Yunan aktivistler kamuya ait su şirketlerinin özelleştirilmesinin ülke için geri bir adım olacağı konusunda uyarıda bulunuyor.

Yunan parlamentosu tarafından onaylanan kurtarma anlaşmasının şartlarına göre, Yunanistan iki büyük kenti Atina ve Selanik’teki su kuruluşlarının büyük bir kısmında özelleştirmeye gitmeyi içeren mevcut programı destekleyeceğini taahhüt etti.

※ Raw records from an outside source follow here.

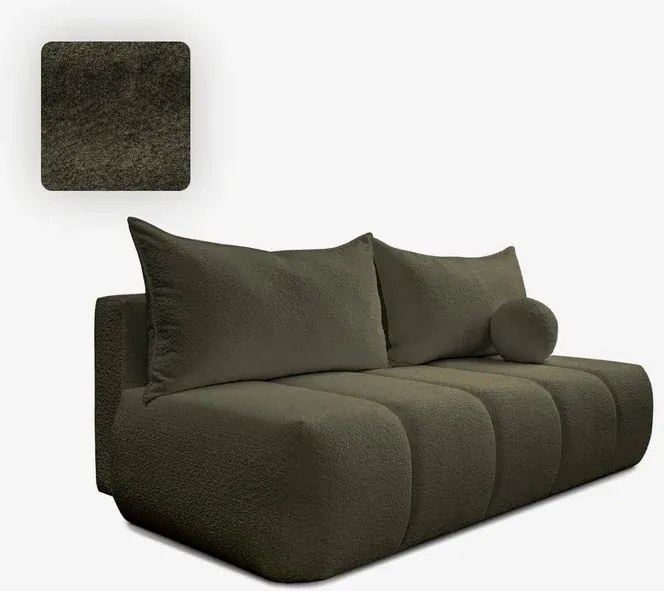 Sofa z Funkcją Spania SARIA Oliwkowa Boucle Nowoczesna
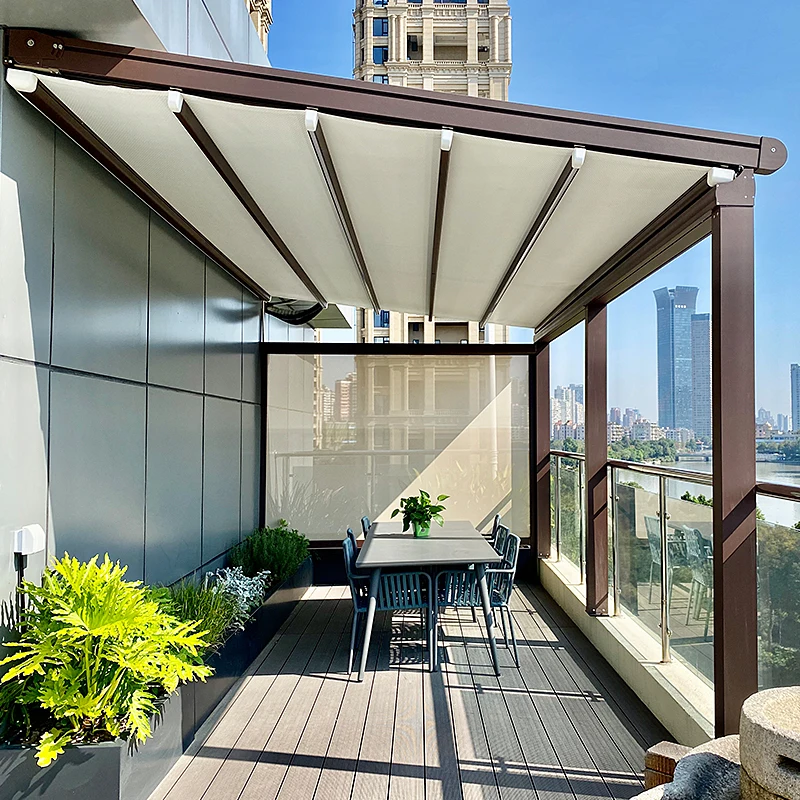 Outdoor Aluminum Pergola Motorized Remote Control Sun Shade Rain Protection Patio Cover 5m Automatic Retractable Roof Awning PVC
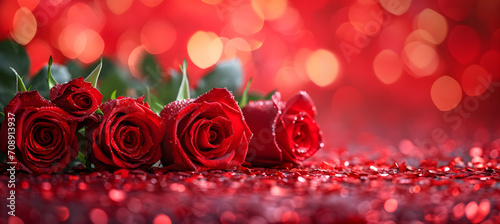 Banner of red roses on the red bokeh background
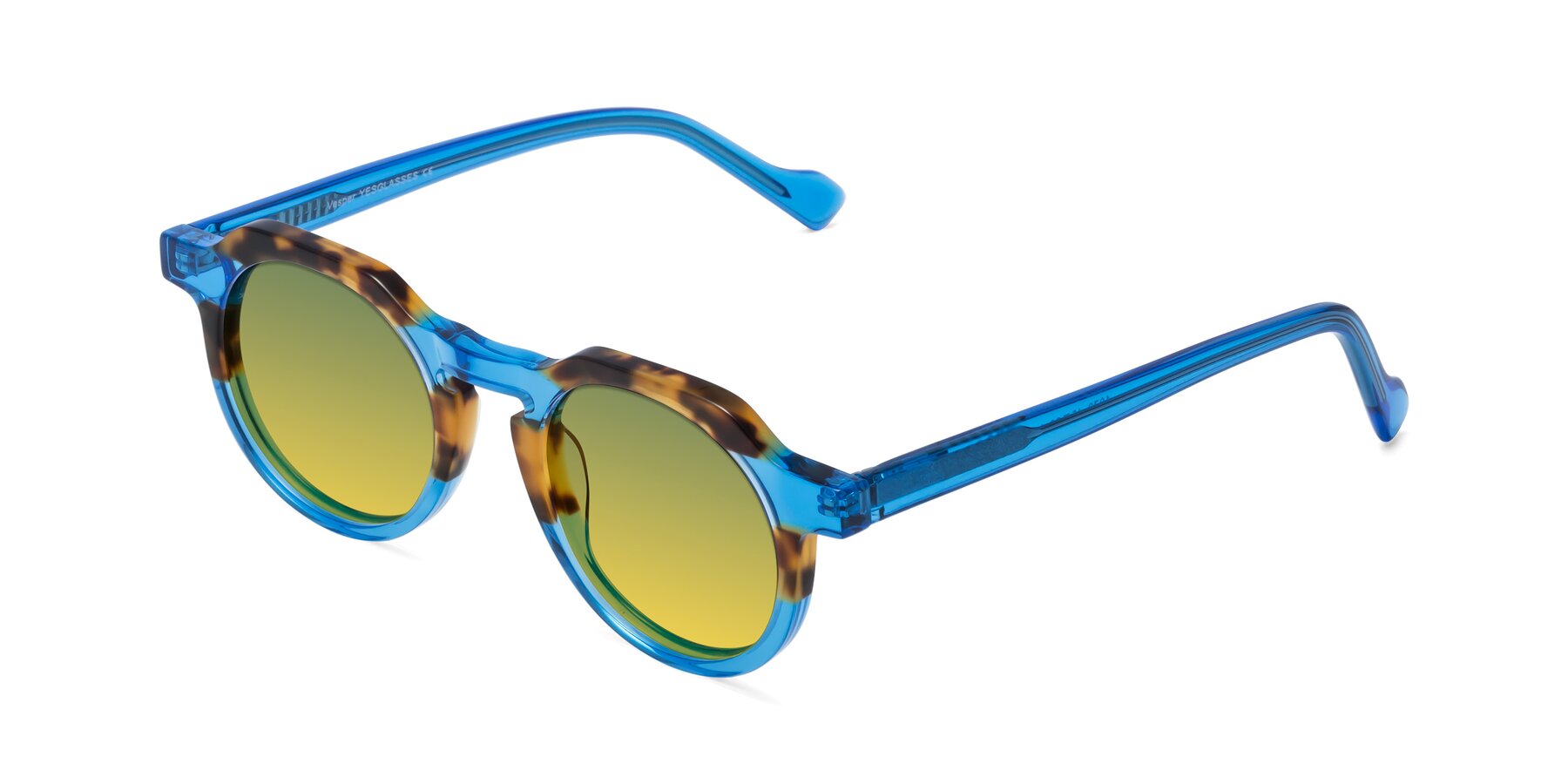 Angle of Vesper in Tortoise-Blue with Green / Yellow Gradient Lenses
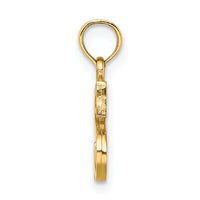 14K Polished Block Letter S Initial Pendant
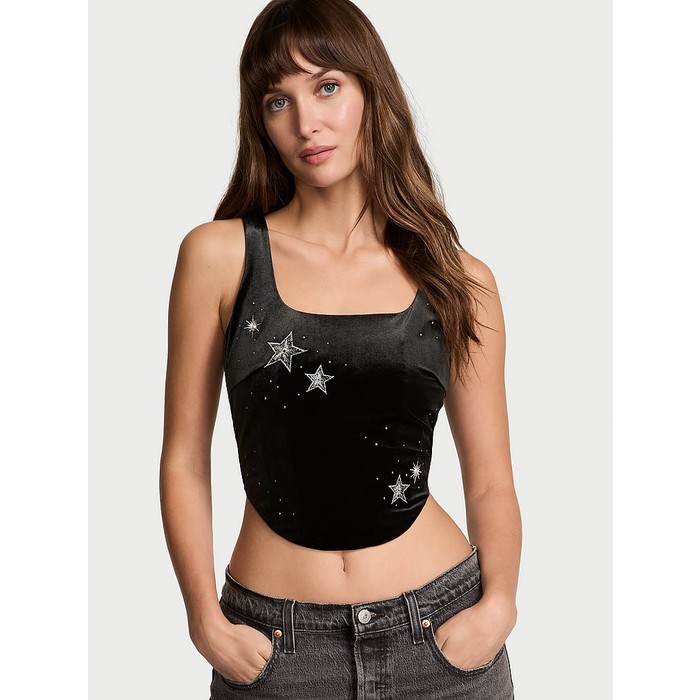 Корсетный топ из блестящего бархата Starstruck
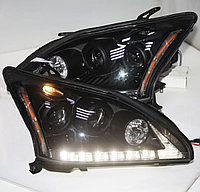 Передние фары на Lexus RX 2004-09 тюнинг с ДХО (Черный цвет), фото 1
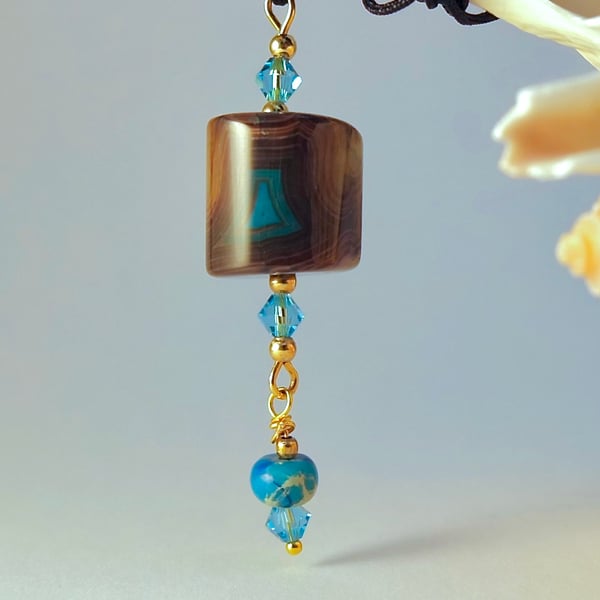 Agate Dowsing Pendulum Necklace With Crystals On Long Cord, Spiritual Gift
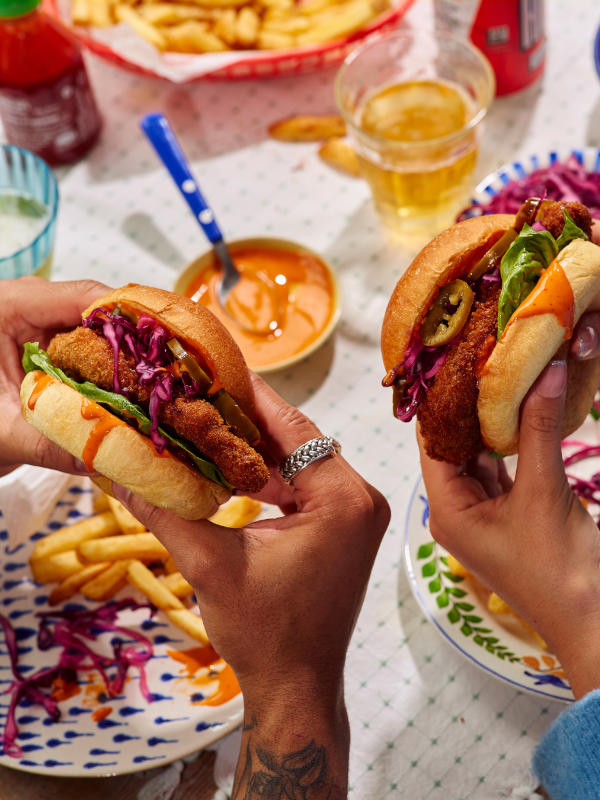 Fried chicken burgers
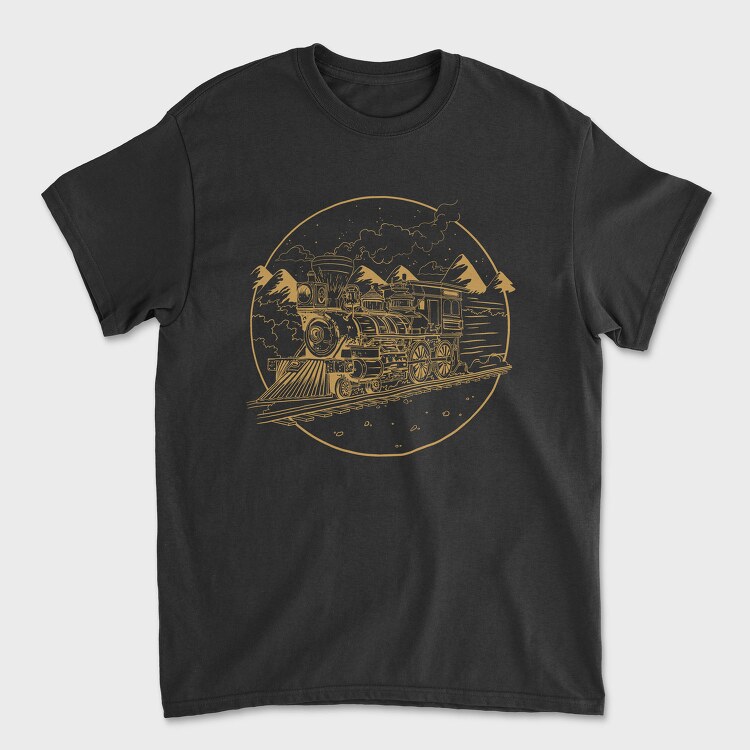 Steam Train Hand Drawn Locomotiv, Tricou Barbati (Unisex)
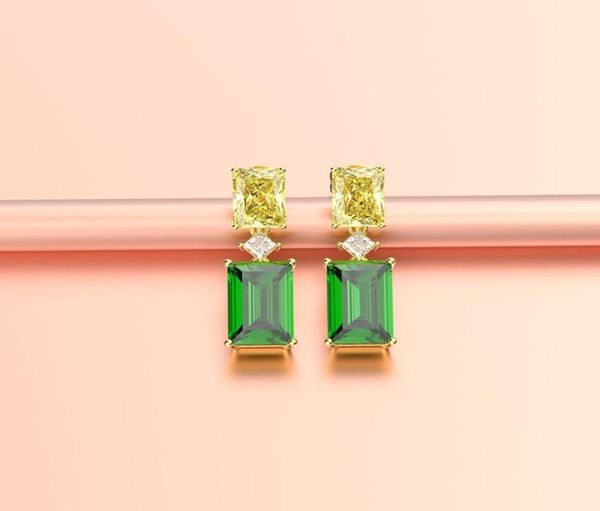 

pansysen gold color earrings vintage elegant women039s emerald drop 100 925 sterling silver gemstone earring fine jewelry gift5540656
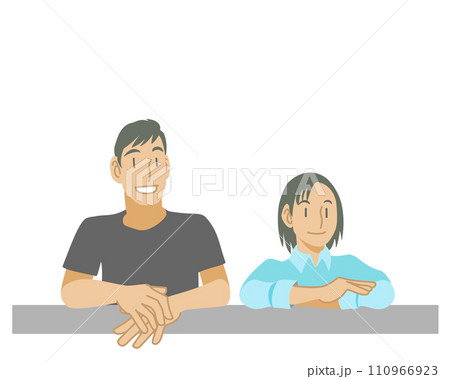 ベランダからの眺めを楽しむカップルのイラスト 110966923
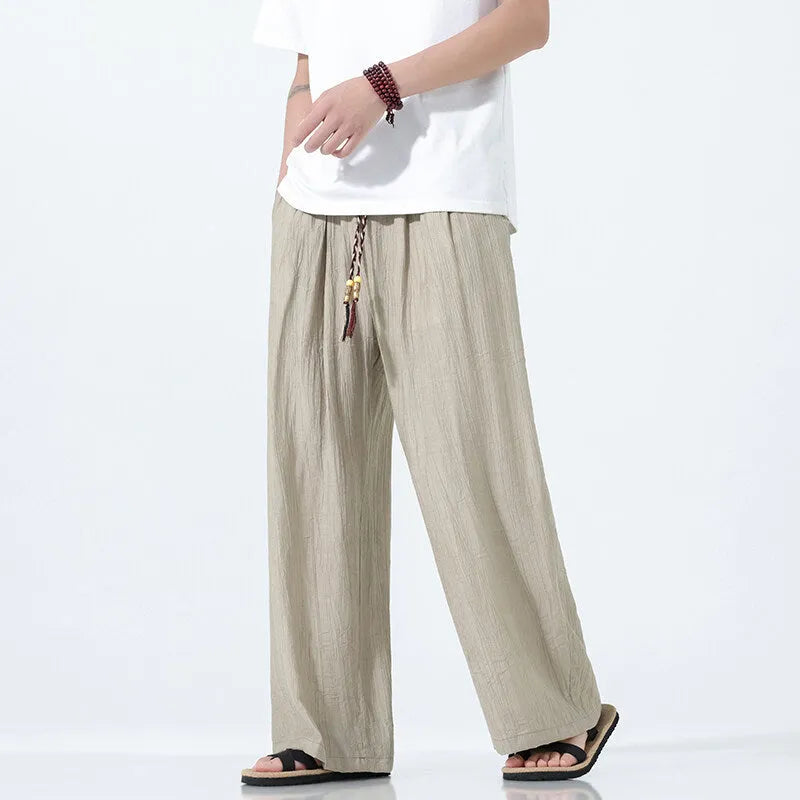Men's bamboo fibre straight-leg trousers in black, khaki or coffee, thin wide-leg mid waist style, sizes M to 5XL
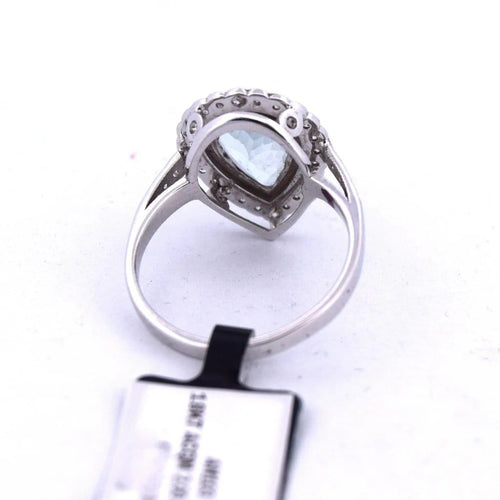 Bague 54 Bague en or blanc 18 carats, aiguë-marine et diamants 58 Facettes AN103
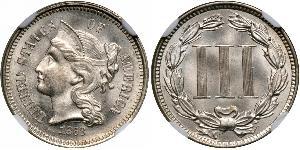 3 Цент США (1776 - ) Нікель/Мідь 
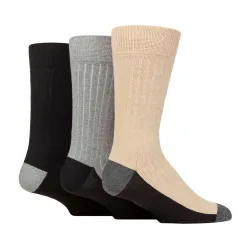 Pack Mens Casual Boot Socks For All Seasons - Black Cotton - Size Uk 6-11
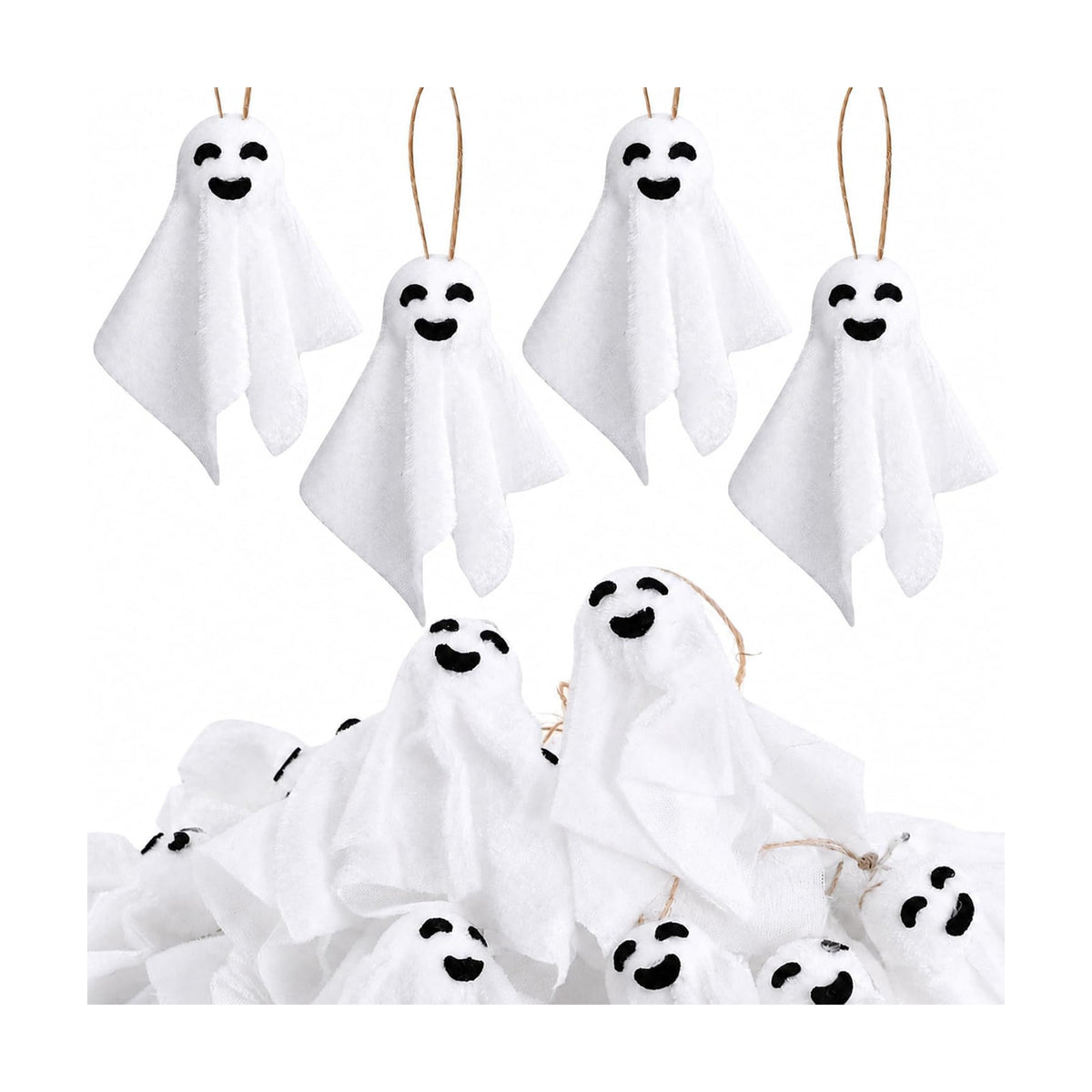24 Pcs Halloween Hanging Ghost Cloth Decoration Small White Ghost Ornaments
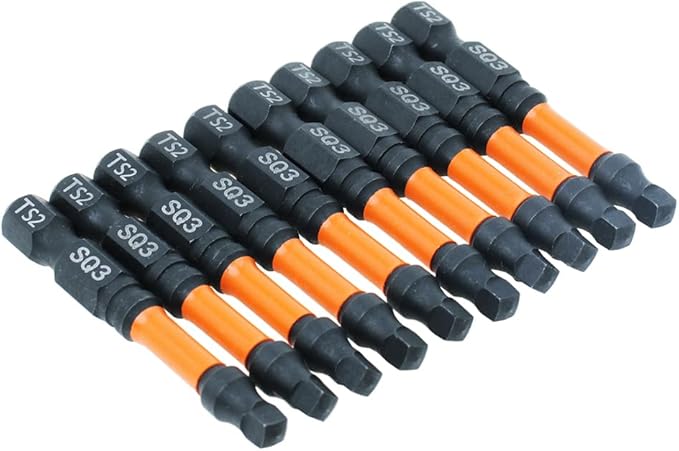 AUTOTOOLHOME 10 Pack #3 Square Driver Bit 2 inch Long Square Impact Drill Bit for Pocket Hole Jig System SQ3 Bits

Suyun özelleştirilmesi ve şirketlerin rolü konusunda devam eden bir tartışma var. Avrupa genelinde kemer sıkma politikalarının dayattığı özelleştirme tasarısı dalgaları İrlanda, İtalya, Yunanistan ve İspanya’da protestolara yol açıyor. Aynı zamanda kuzey Avrupa’nın en büyük kentleri Paris ve Berlin sadece on yıl önce özel sermayeye sattıkları su kuruluşlarını yeniden kamulaştırıyorlar.

Selanik’te bulunan su kuruluşu sendikasının başkanı George Argovtopoulos kâr odaklı modele geçişin abonelerin ödeyeceği faturaları arttıracağını ve hizmetlerin kalitesini düşüreceğini söylüyor.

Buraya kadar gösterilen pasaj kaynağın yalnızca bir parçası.